Data under study:
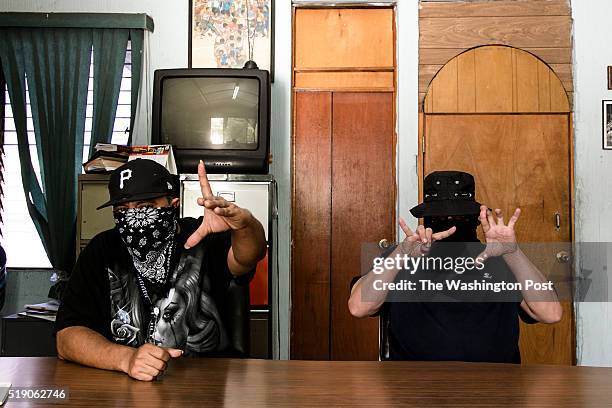 The spokesmen for the 18th Street gang Revolucionarios and MS-13 sit for an interview with The Washington Post via Getty Images.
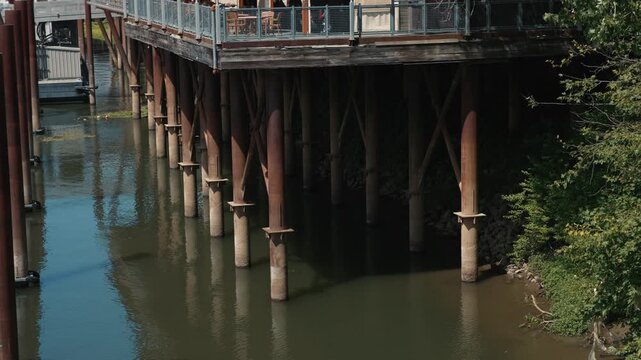 Restaurant on stilts above river with reflections shows waterfront architecture, support pillars above water and a calm urban riverside atmosphere during daytime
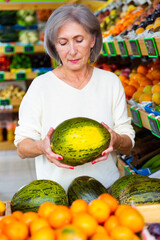 Woman chooses watermelon in greengrocer. Man walking in background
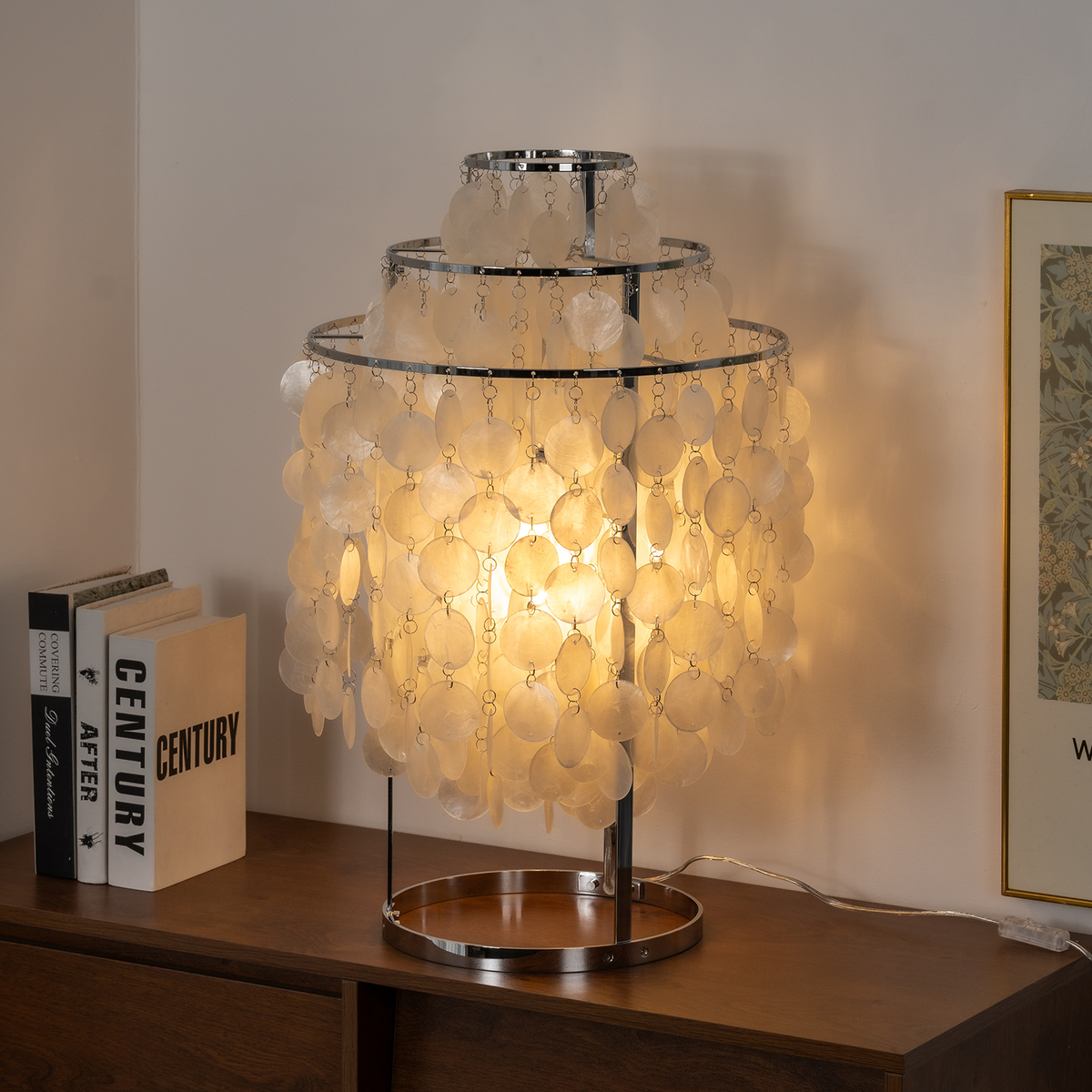 Callista Tiered Capiz Table Lamp | Capiz, Metal | Placed on a dark wood credenza console next to stacked books, creating a cozy light halo against a clean white wall | Severn Lighting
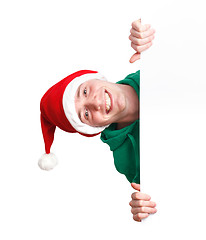 Image showing Guy with santa hat and sign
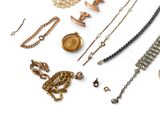 many different types of necklaces and bracelets on a white surface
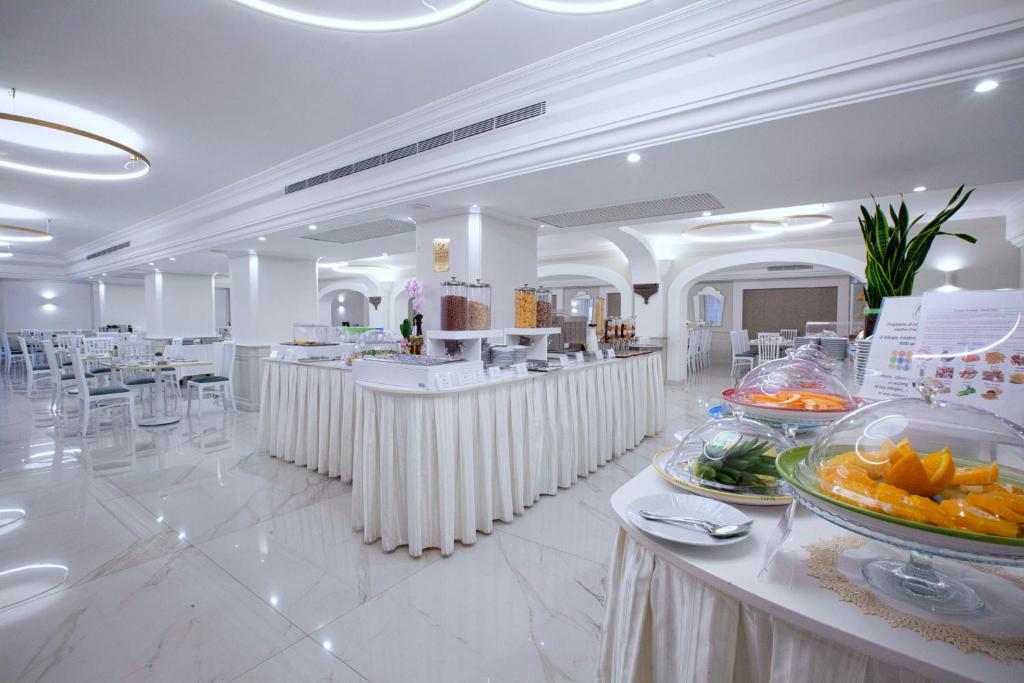 Mūsdienīga restorāna iekārtojums ar elegantām baltām mēbelēm un plašu bufeti, kas piedāvā dažādus ēdienus un augļus. Gaismas un interjers rada patīkamu atmosfēru.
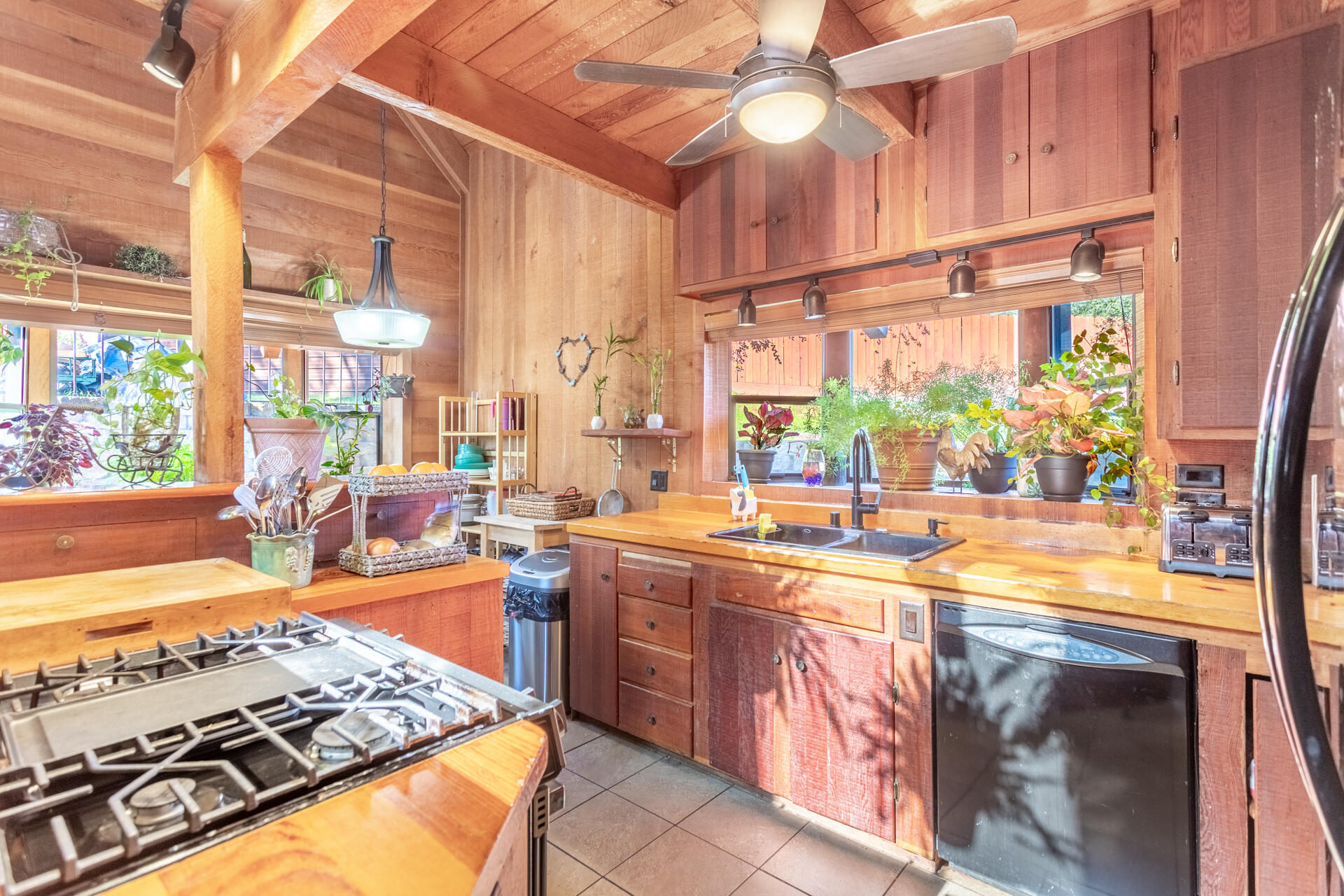 18376 Utility Avenue Anderson, CA 96007 - Photo 11 of 44 a kitchen with lots of counter top space and wooden floor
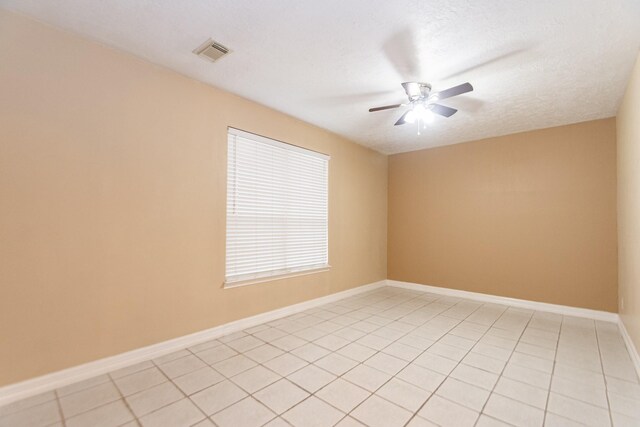 tiled empty room featuring ceiling fan and a textured ceiling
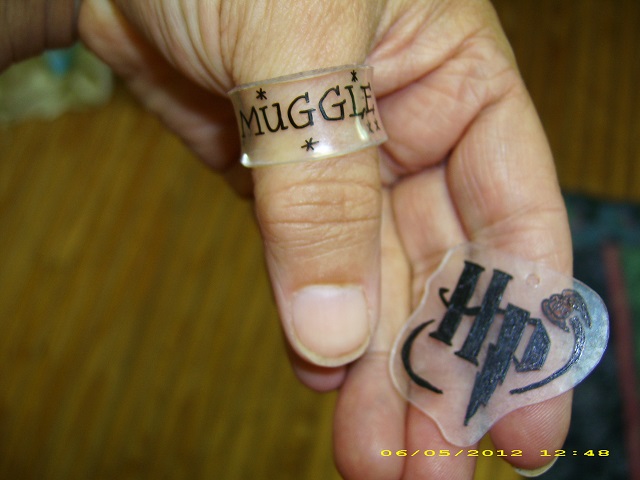 shrink plastic "Muggle" ring and "HP" tag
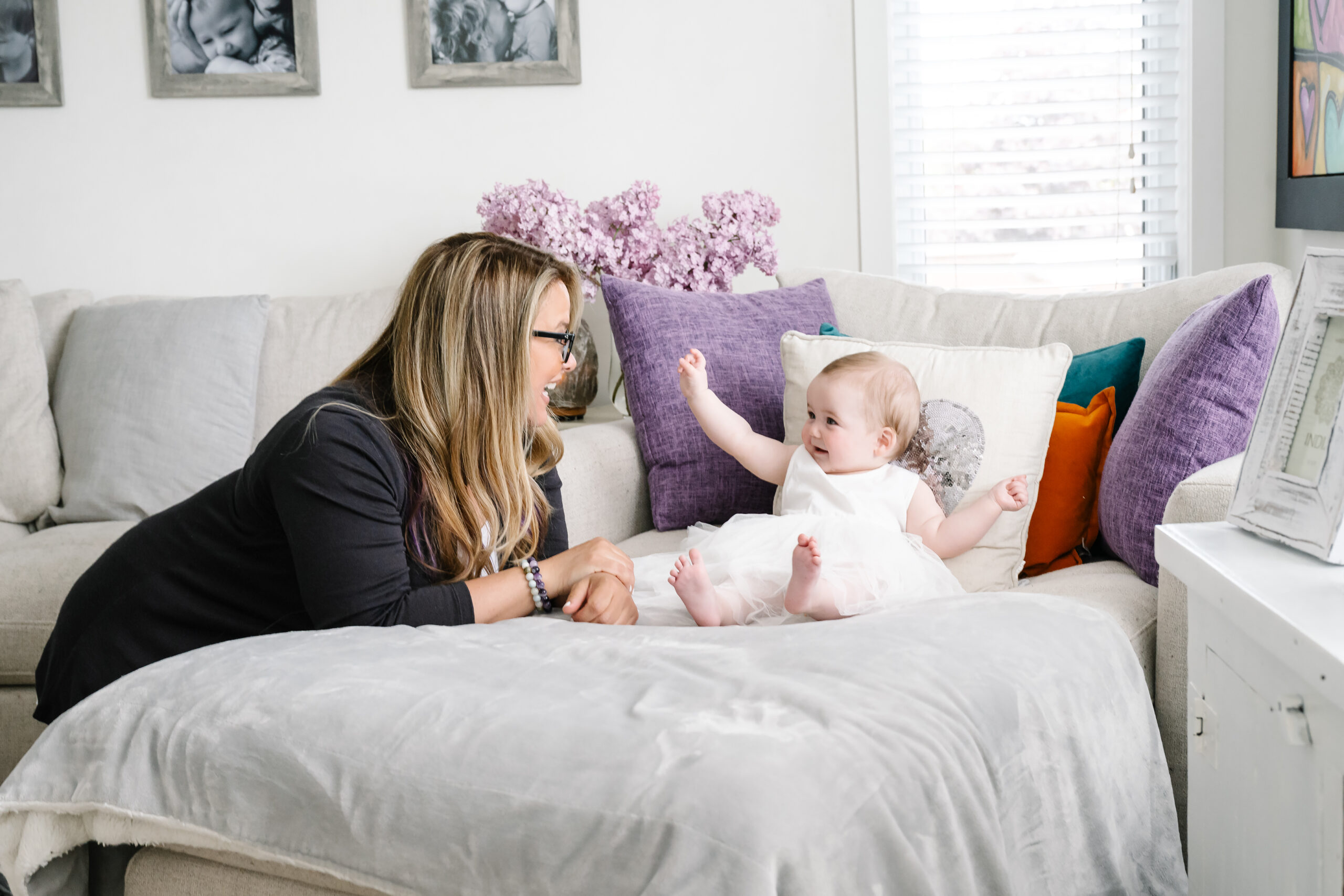 Tracy Braunstein playing with baby
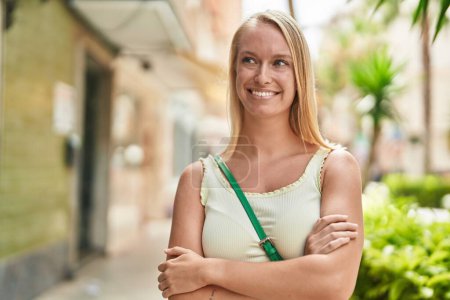 Téléchargez les photos : Jeune femme blonde souriante confiante debout avec les bras croisés geste à la rue - en image libre de droit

Problem statement: All records must be output exactly as they are, except for the pictures, which are left out.

Answer for this exercise:
 The spokesmen for the 18th Street gang Revolucionarios and MS-13 sit for an interview with The Washington Post via Getty Images.
 Restaurant on stilts above river with reflections shows waterfront architecture, support pillars above water and a calm urban riverside atmosphere during daytime
 Woman chooses watermelon in greengrocer. Man walking in background
 Callista Tiered Capiz Table Lamp | Capiz, Metal | Placed on a dark wood credenza console next to stacked books, creating a cozy light halo against a clean white wall | Severn Lighting
 Image showing Guy with santa hat and sign
 many different types of necklaces and bracelets on a white surface
 Mūsdienīga restorāna iekārtojums ar elegantām baltām mēbelēm un plašu bufeti, kas piedāvā dažādus ēdienus un augļus. Gaismas un interjers rada patīkamu atmosfēru.
 18376 Utility Avenue Anderson, CA 96007 - Photo 11 of 44 a kitchen with lots of counter top space and wooden floor
 tiled empty room featuring ceiling fan and a textured ceiling
 shrink plastic "Muggle" ring and "HP" tag
 Tracy Braunstein playing with baby
 Téléchargez les photos : Jeune femme blonde souriante confiante debout avec les bras croisés geste à la rue - en image libre de droit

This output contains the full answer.